Warranty Disclaimer Except as expressly set forth in this agreement, neither party makes any other warranties, express or implied, statutory or otherwise, and all such warranties are hereby disclaimed, including but not limited to warranties or merchantability, title, fitness for a particular purpose, or non-infringement.
Limitation of Liability
subject to applicable law and notwithstanding anything else in this agreement, in no event will either party be liable for special, incidental, indirect or consequential damages (including without limitation downtime costs, loss of data, restoration costs, lost profits, or cost of cover) regardless of whether such claims are based on contract, tort, warranty or any other legal theory.
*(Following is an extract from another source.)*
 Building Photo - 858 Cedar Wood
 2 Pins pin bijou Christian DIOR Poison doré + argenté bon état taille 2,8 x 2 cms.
except for an action brought for gross negligence, willful misconduct, fraud, data claims or ip claims, each party’s aggregate liability and that of its affiliates, officers, employees, agents, suppliers, and licensors, under this agreement will not exceed the fees received or payable to techo in the twelve months preceding the claim (“the general liability cap”).
in the case of ip claims and data claims, techo and its affiliates’ total liability to the customer and its affiliates for all such claims in the aggregate (for damages or liability of any type) will not exceed two times (2x) the general liability cap (“supercap”).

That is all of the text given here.